--- The data ---

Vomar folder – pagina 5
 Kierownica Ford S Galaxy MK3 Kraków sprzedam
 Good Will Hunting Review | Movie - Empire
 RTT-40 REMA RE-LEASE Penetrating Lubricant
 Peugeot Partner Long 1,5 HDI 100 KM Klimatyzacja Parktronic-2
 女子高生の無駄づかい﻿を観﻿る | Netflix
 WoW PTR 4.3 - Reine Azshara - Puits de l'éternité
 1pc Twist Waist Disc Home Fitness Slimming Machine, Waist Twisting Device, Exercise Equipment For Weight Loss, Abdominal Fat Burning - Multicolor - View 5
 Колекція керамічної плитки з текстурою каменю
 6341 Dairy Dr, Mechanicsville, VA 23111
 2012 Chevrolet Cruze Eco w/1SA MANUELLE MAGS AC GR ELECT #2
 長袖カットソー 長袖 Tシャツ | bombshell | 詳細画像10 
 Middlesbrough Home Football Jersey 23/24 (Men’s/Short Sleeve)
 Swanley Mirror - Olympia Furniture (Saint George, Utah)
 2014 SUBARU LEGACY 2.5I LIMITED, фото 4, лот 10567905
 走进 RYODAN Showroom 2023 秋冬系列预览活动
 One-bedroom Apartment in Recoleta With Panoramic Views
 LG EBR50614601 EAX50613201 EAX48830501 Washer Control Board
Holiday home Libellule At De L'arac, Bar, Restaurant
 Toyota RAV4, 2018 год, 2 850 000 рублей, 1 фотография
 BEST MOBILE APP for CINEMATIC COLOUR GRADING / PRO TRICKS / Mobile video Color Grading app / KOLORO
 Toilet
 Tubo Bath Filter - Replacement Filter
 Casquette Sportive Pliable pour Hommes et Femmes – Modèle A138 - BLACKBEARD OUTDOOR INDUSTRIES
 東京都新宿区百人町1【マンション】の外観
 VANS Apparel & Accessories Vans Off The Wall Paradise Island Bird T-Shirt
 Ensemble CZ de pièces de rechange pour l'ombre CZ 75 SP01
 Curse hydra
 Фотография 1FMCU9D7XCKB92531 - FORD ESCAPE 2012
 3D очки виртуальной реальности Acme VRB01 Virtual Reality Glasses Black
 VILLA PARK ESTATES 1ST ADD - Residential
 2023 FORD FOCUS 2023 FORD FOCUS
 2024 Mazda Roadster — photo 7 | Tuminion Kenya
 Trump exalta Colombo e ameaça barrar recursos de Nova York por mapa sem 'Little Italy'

---

§ What you will do
Exact duplication is required for the lines above, from the line that contains "Колекція керамічної плитки" to the line that contains "走进 RYODAN Showroom 2023 秋冬系列预览活动", inclusive; omit all others.

§ Reply to the exercise
 Колекція керамічної плитки з текстурою каменю
 6341 Dairy Dr, Mechanicsville, VA 23111
 2012 Chevrolet Cruze Eco w/1SA MANUELLE MAGS AC GR ELECT #2
 長袖カットソー 長袖 Tシャツ | bombshell | 詳細画像10 
 Middlesbrough Home Football Jersey 23/24 (Men’s/Short Sleeve)
 Swanley Mirror - Olympia Furniture (Saint George, Utah)
 2014 SUBARU LEGACY 2.5I LIMITED, фото 4, лот 10567905
 走进 RYODAN Showroom 2023 秋冬系列预览活动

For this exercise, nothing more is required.